Mapping the Body is a body-map made with plants: an attempt to render pain and tension as a tangible landscape—something that can be touched, worn, and carried. The work begins with gathering: branches, leaves, vines, and dried fibers are brought into the space and gradually attached to the body. What starts as light contact becomes weight, drag, and entanglement—leaf against skin, vines around joints, branches pressing into the shoulders and back. The plant matter is not decoration; it functions as a shifting exoskeleton and a field of resistance that re-organises balance, breath, and attention, making the body’s hidden lines of strain visible.

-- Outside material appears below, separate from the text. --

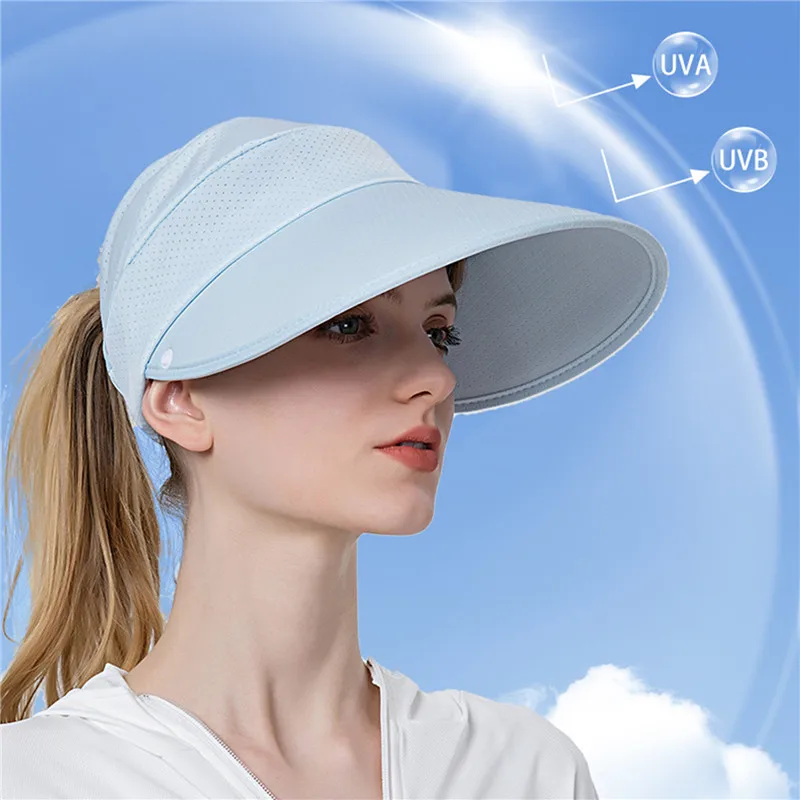 

Summer Women's Neck Cover Hat Lady Wide Brim Sun Cap Anti UV Foldable Female Casual Outdoor Sport Hiking Ponytail Hat For Women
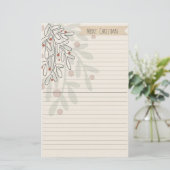 Merry Christmas hand drawn floral mistletoe Briefpapier (Staand voorkant)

In this process, the body is not positioned as the centre that controls nature, but as a co-existing organism—held, pulled, and slowed down by vegetal form. I submit to the material’s shape, hardness, fragility, and recoil, listening to how it breaks, bends, and returns force. Pain becomes more than an internal, private experience: it emerges as a relational structure in space—knots and pressure points, networks of tension, small acts of yielding and refusal.

Mapping the Body translates sensation into structure: tension into binding, pain into pathways. As the plants accumulate on the body, they settle like sediment—like memory. And as the body moves within their resistance, it continually rewrites itself, forming a fragile but persistent posture of coexistence. After the live action, the remaining branches, leaves, traces, and the altered site hold the work as an aftermath—an unfinished map that insists pain and ecology are not separate. They breathe on the same skin, on the same ground.

Photographs by Yu Zhang.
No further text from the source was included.